2) If one' view of economics is not that of a seeking to describe and ameliorate the unexpected consequences of following a network of working hypotheses and 'rules of thumb' as axiomatic truths which purport to describe a stable, universal behavioural profile of man's economic activity, one which does not exist, then one should rather be asking normative questions about man himself. One would be better rewarded by seeking to understand and identify the axiomatic needs which drive man's relationship with the realities he must survive within and from which perspective each person is driven to build a lifetime of well-being as best he can.
Economics should not seek to describe how mankind fits into and is shaped by supposed autonomously-extant economic axioms.
As in all science there are no axioms. Except this one.
Everything else represents our currently best working hypotheses based on the limited views of reality that our poor technological tools and our equally poor sensory organs are able to deliver to the imperfect conceptual centres of our brains.
Economics should seek to describe, through a never ending project, how the myriad individuals of mankind constantly create and develop activities and behaviours in response to their need to create well-being in constantly changing and diverse habitats.
Economists, through that understanding, should then constantly be seeking to identify the tools as 'institutions', useful behaviours - as 'bounded activities' and the social structures which might help to provide the means of achieving universally sustained and improving states of well-being with assured durability and resilience in the face of every perceived challenge.
An explanation of economic value that can have any claims at all to the highest accolade available to any concept in the behavioural sciences - that of 'Theory' (no 'Laws' and certainly no 'Axioms') must be rooted deeply in the very nature of man, and in some concept of 'right' and of 'wrong' which ultimately must embody some position regarding the 'Big Questions' of Life itself and of 'Man' in particular. One needs to have a 'Theory of Moral Sentiments' before a 'Theory of Value', for the latter can only exist in the context of the former. Adam Smith did that for the 18th century.

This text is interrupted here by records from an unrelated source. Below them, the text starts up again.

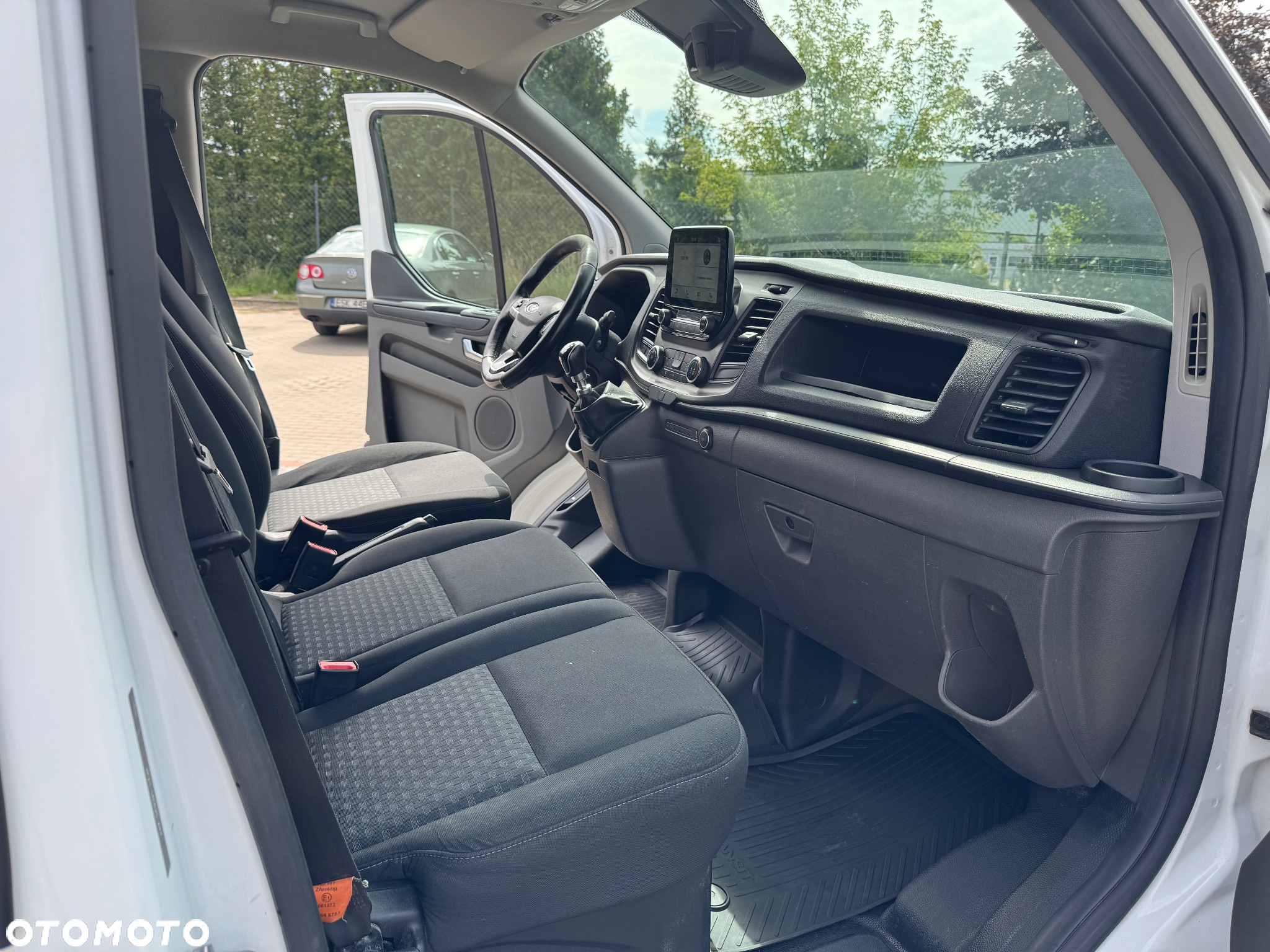 Ford Transit Custom - 25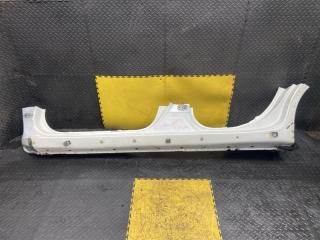 Порог кузова левый NISSAN NOTE SNE12 G6411-3VAMA 1 ракурс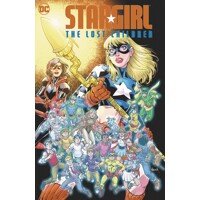 STARGIRL THE LOST CHILDREN TP - Geoff Johns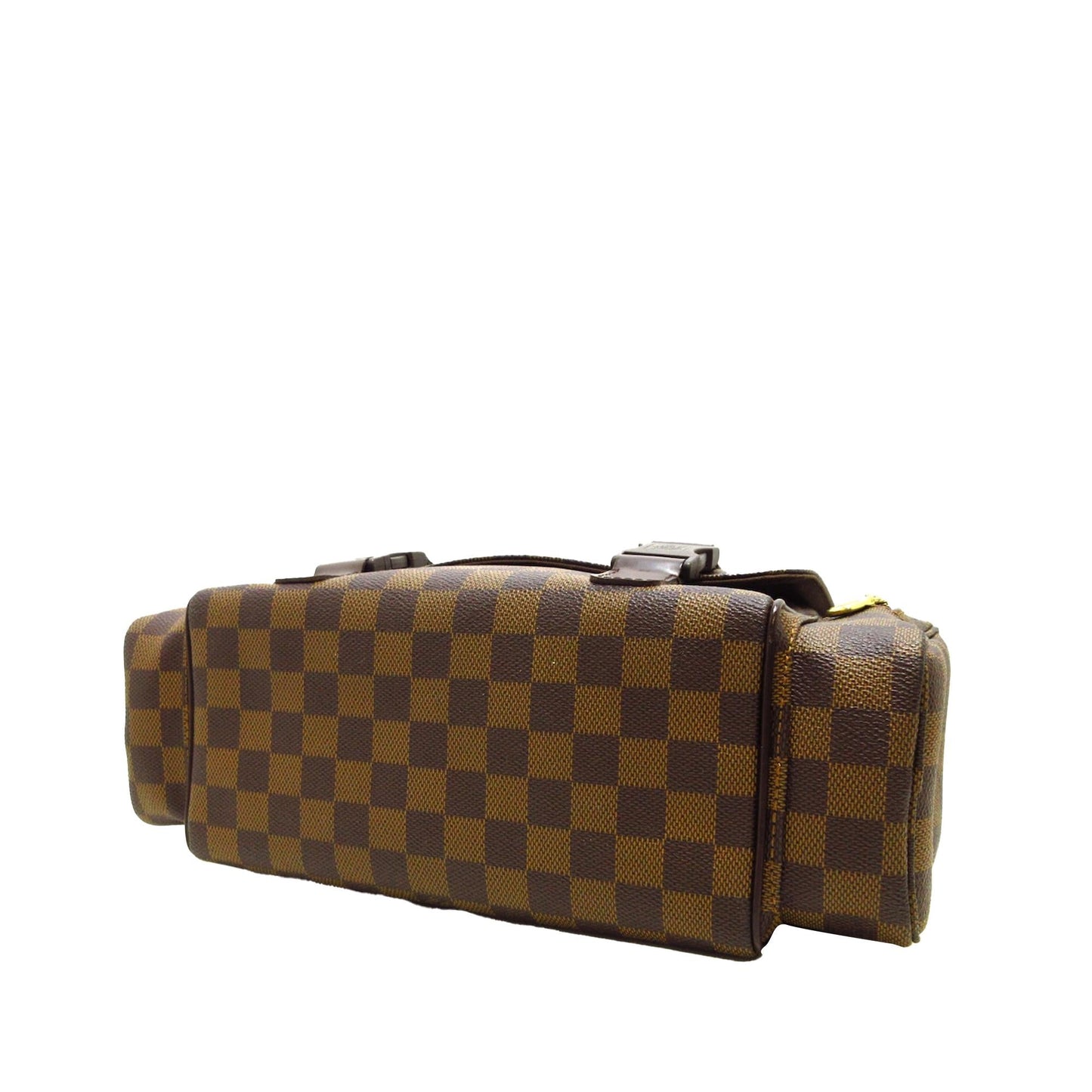 Louis Vuitton Damier Ebene Melville Reporter (SHG-LR59Ny)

Who is daring to update his work for the goals, aims and desires of the so-called 'Humanitarian Age'? I say 'dare' advisedly. We have seen that the institutions of power which characterise our modern world have grown out of, and still very strongly embody, the moral sentiments, economic theories and elitist social mores of the Mercantile Era of Jacobin and Hanoverian Britain. The moral precepts of a global Humanitarian Era are vastly different. Theories consistent with realistically representative economic behaviour, moral sentiment and social mores in the present humanitarian era must inevitably give rise to radically different implementations of practically all of our economic institutions - including those of responsibility, ownership, production, trade, governance and commercial power.
It is the shape and operation of those evolved, 'humanitarian era' institutions and of our individual and grouped interactions with them that will give rise to the theories to describe them and from which the models and forecasting tools needed will then be able to be developed.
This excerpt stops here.